··· DATA FOR THE TASK
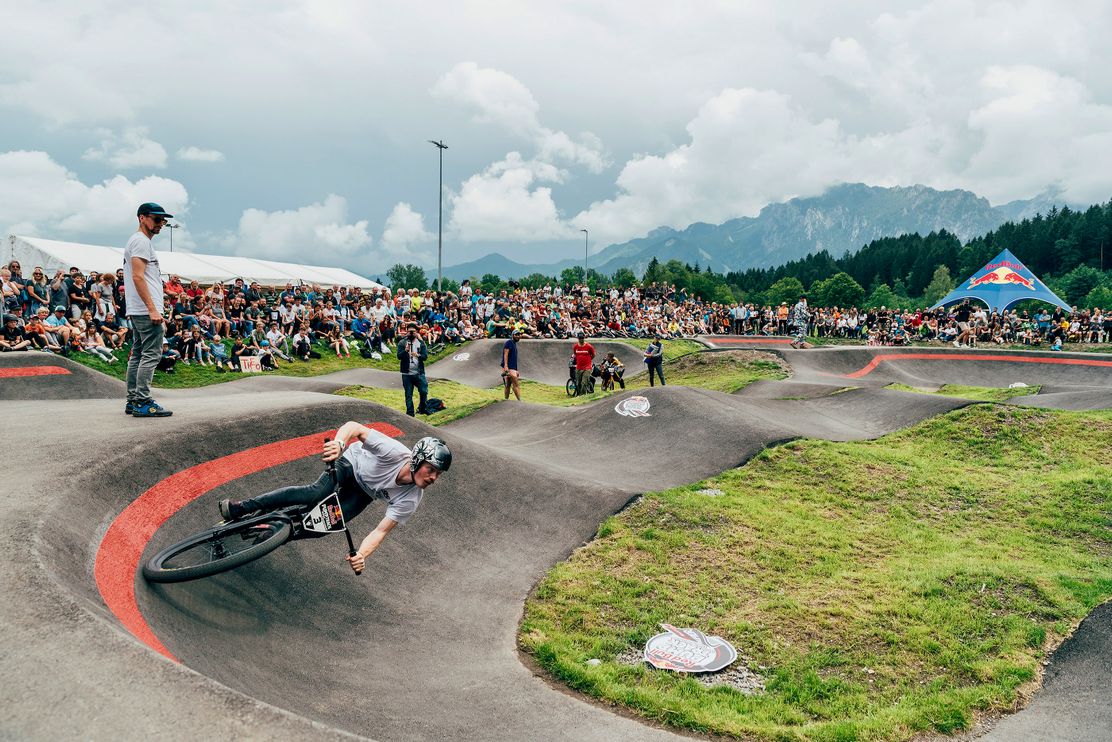 REDBULL_PUMPTRACK_WM_QUALIFIER_083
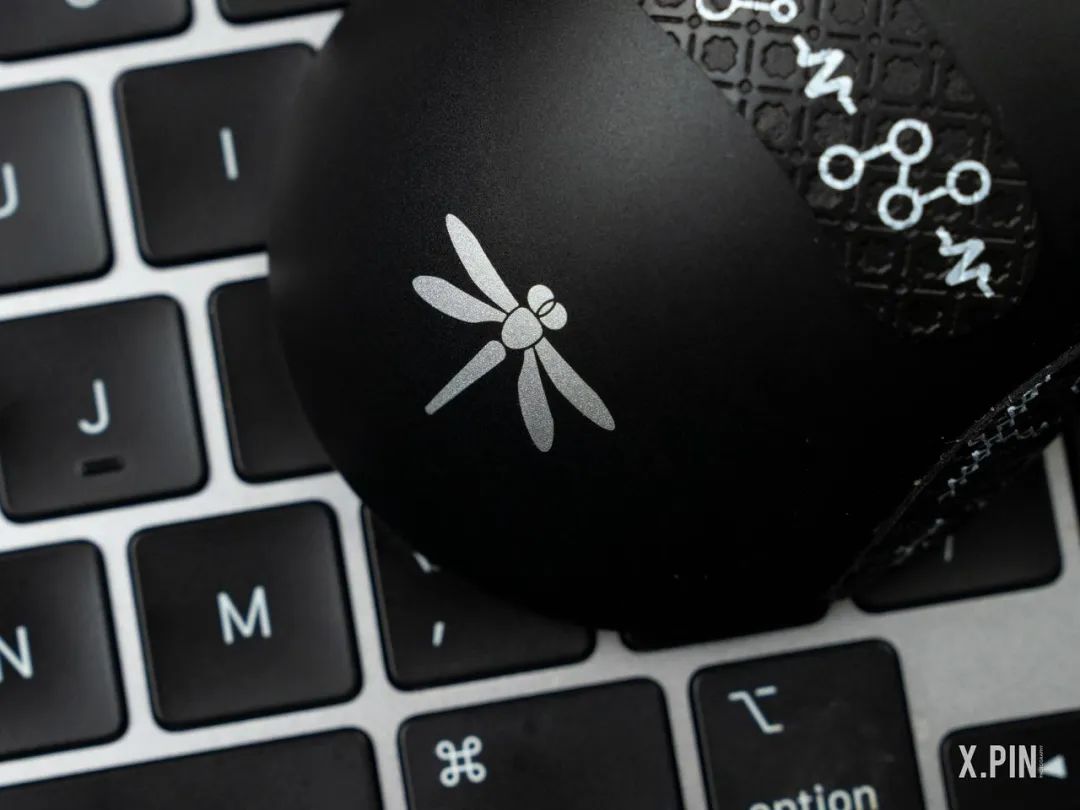 百元之内最好的电竞鼠标,百元内十大口碑最好电竞鼠标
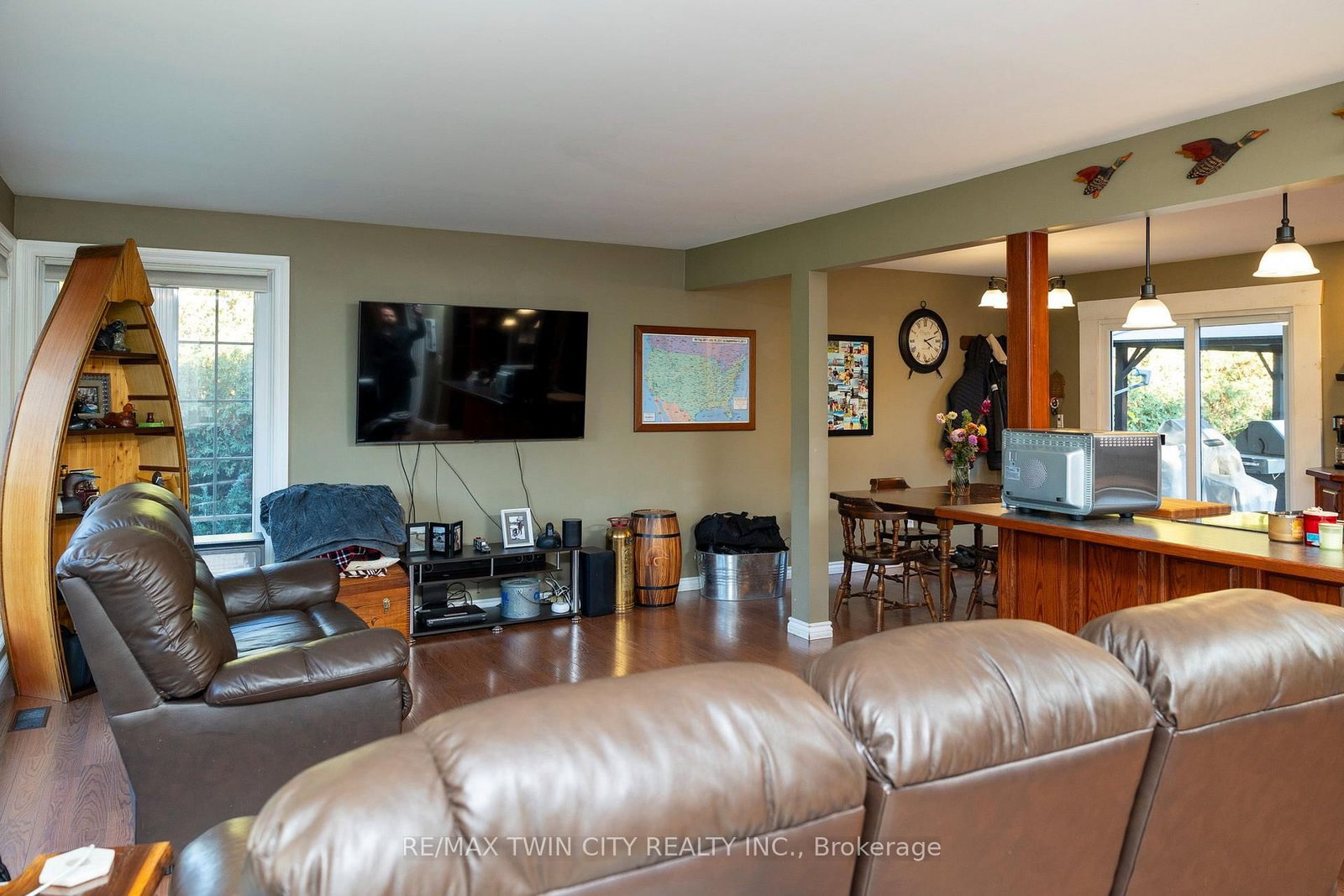 976 E MCDOWELL Road • Norfolk, ON photo 15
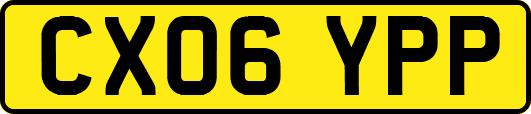CX06YPP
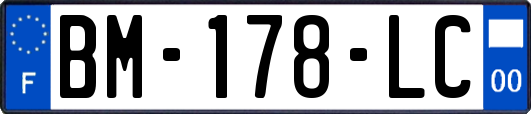 BM-178-LC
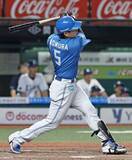 「西2―11日（23日）　日本ハムが大勝」の画像1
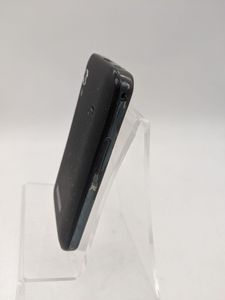 Б/в Мобільний телефон Samsung s5830i galaxy ace 01-200862919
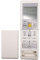 iOOiQQ Mando a distancia de aire acondicionado para Daikin ARC452A18 ARC452A16 ARC452A3 ARC452A9 ARC452A19 ARC452A20 ARC452A17 ARC452A21 ARC452A22 ARC452A11 5 ARC4 52A1 ARC452A2 2MKS50G2V1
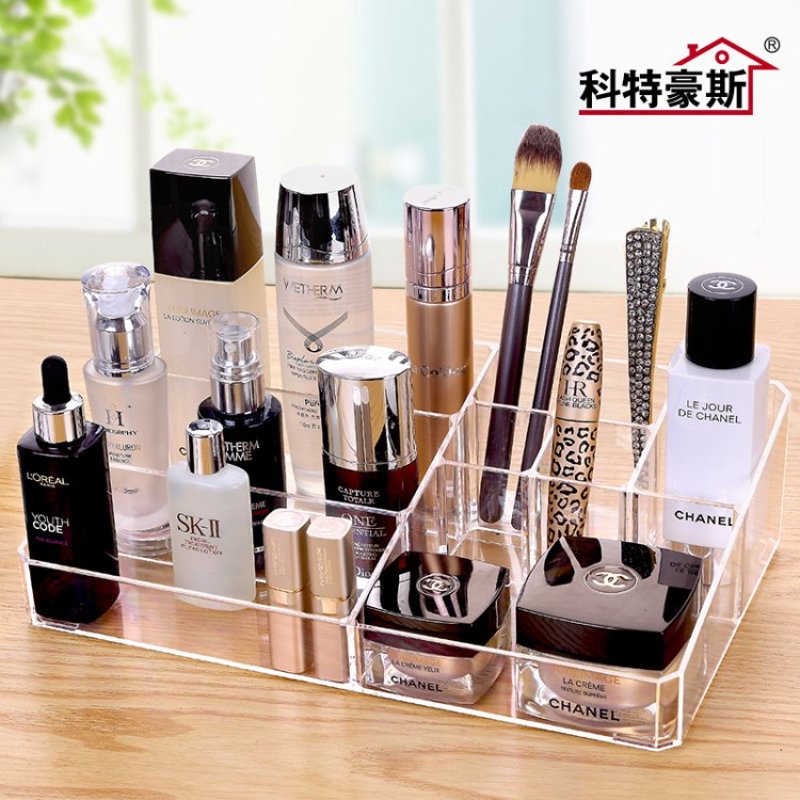 义乌小商品批发：连接全球市场的桥梁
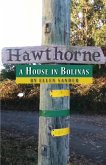 Hawthorne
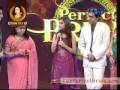 6th december 2009 part 1 lux perfect bride hq video, logon to for blogging Picture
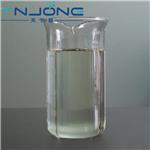 Triethylene Glycol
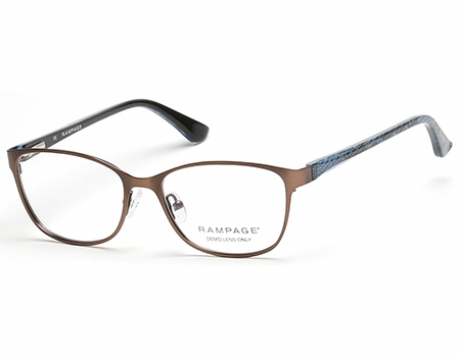 KENNETH COLE NEW YORK RA0156 045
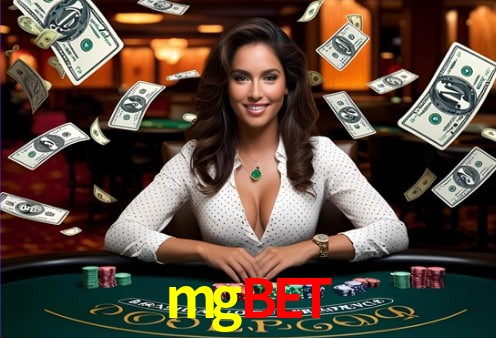 mgbet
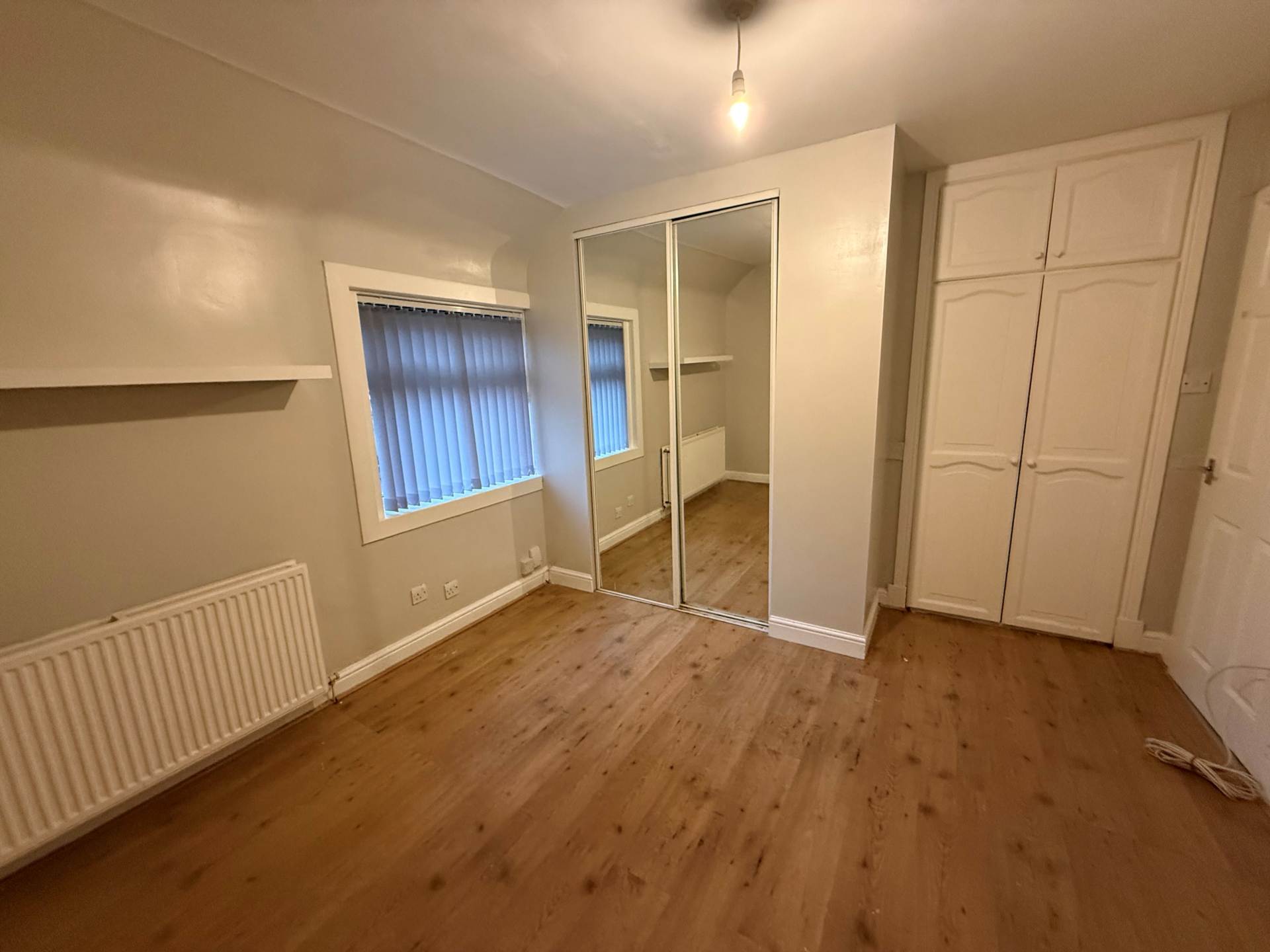 Morar Place, Renfrew, PA4 9DP, Image 7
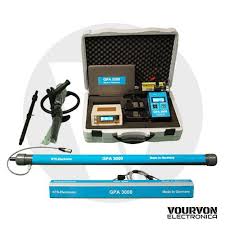 1,185 philippines metal detector products are offered for sale by suppliers on alibaba.com, of which industrial metal detectors accounts for 1%. Gpa 3000 Gold Detector Metal Detector Kawit Philippines Buy And Sell Marketplace Pinoydeal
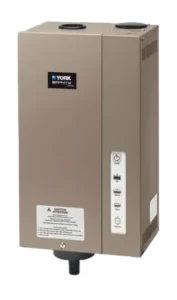 %title% | Answer Heating & Cooling, Inc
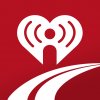 iHeartRadio for Auto 1.5.0 mobile app for free download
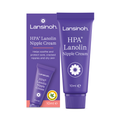 HPA LANOLIN Nipple Cream
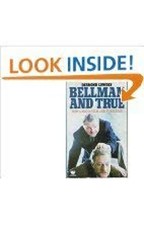 Bellman Und True Taschenbuch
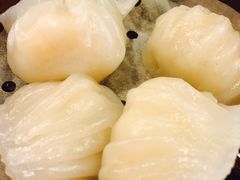 -点点心点心专门店(湾仔店)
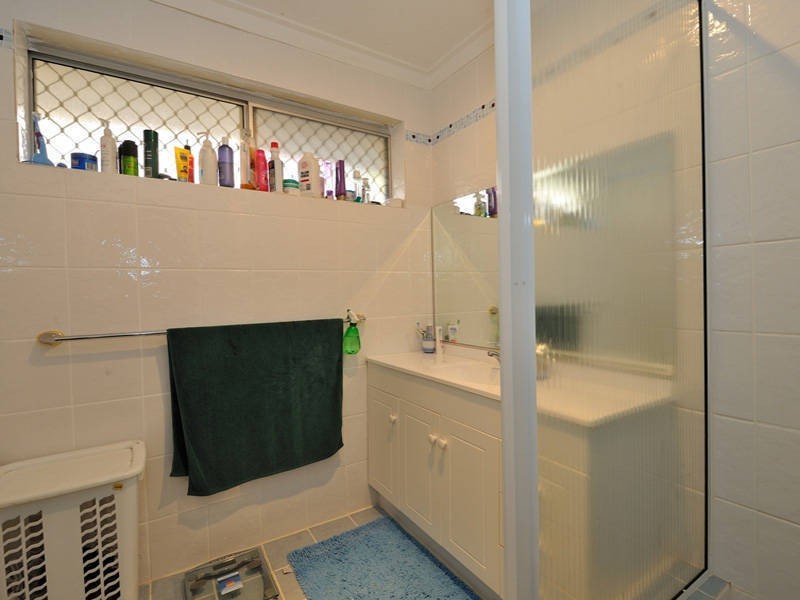 9 McKean Way, Parmelia WA 6167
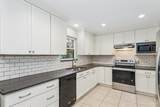 3475 Shannon Pl - Photo 8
······
Pictures stay out of the copy. Reproduce exactly the lines from the one containing "KENNETH COLE NEW YORK RA0156 045" through the last line of the records above, both included.

 KENNETH COLE NEW YORK RA0156 045
 mgbet
 Morar Place, Renfrew, PA4 9DP, Image 7
 1,185 philippines metal detector products are offered for sale by suppliers on alibaba.com, of which industrial metal detectors accounts for 1%. Gpa 3000 Gold Detector Metal Detector Kawit Philippines Buy And Sell Marketplace Pinoydeal
 %title% | Answer Heating & Cooling, Inc
 iHeartRadio for Auto 1.5.0 mobile app for free download
 HPA LANOLIN Nipple Cream
 Bellman Und True Taschenbuch
 -点点心点心专门店(湾仔店)
 9 McKean Way, Parmelia WA 6167
 3475 Shannon Pl - Photo 8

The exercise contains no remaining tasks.